*EXERCISE REQUIREMENTS:* Return all the lines below exactly as written. Drop every picture.

*INFORMATION SHOWN:*
+++
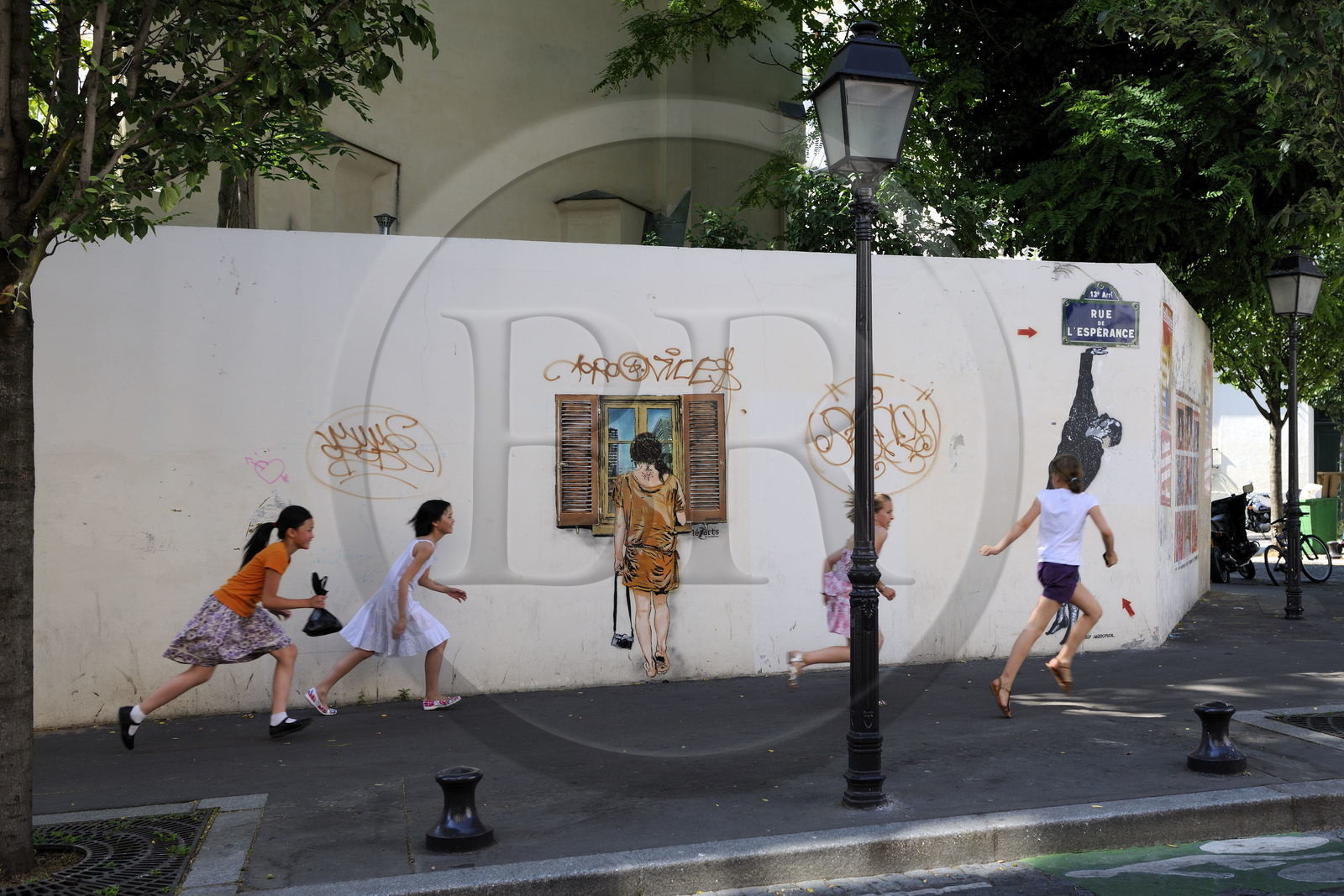 France, Paris (75), quartier de la Butte-aux-Cailles, enfants courant rue de l'Espérance sous un graffity de Lézards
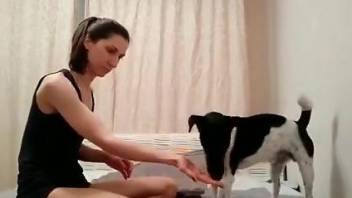 Brunette dressed in black is getting fucked by a dog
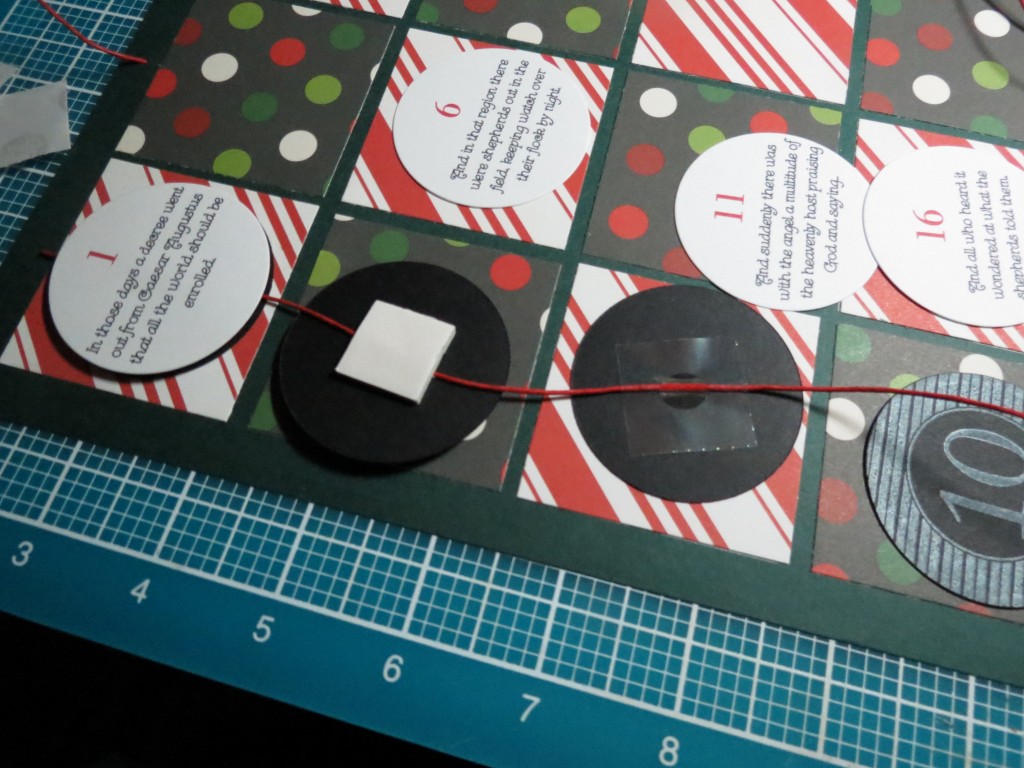 Countdown to Christmas: Three steps: first glue dot to secure cording, cover with a square of foam mounting tape and finally, cover with the advent story disc and press together.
+++
*SOLVED PROBLEM:*
 France, Paris (75), quartier de la Butte-aux-Cailles, enfants courant rue de l'Espérance sous un graffity de Lézards
 Brunette dressed in black is getting fucked by a dog
 Countdown to Christmas: Three steps: first glue dot to secure cording, cover with a square of foam mounting tape and finally, cover with the advent story disc and press together.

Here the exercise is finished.